__Records to use__:
------------------------------------------------------------
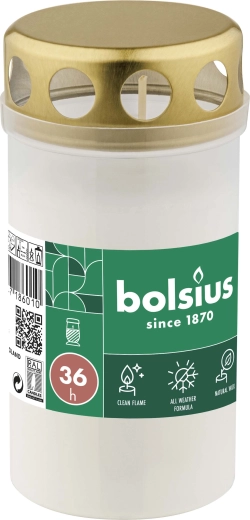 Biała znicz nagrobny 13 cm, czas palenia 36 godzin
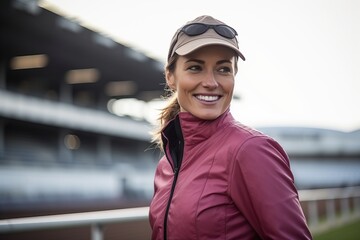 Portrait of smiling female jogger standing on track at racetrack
------------------------------------------------------------
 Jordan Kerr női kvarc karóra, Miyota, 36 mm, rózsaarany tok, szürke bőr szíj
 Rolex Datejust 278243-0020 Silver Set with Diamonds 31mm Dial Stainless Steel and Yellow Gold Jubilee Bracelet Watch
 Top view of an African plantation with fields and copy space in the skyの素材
------------------------------------------------------------
__Task__: Of all the entries above, output exactly the lines between the one holding "Rolex Datejust 278243-0020" and the one holding "Top view of", inclusive.

__Your solution__:
 Rolex Datejust 278243-0020 Silver Set with Diamonds 31mm Dial Stainless Steel and Yellow Gold Jubilee Bracelet Watch
 Top view of an African plantation with fields and copy space in the skyの素材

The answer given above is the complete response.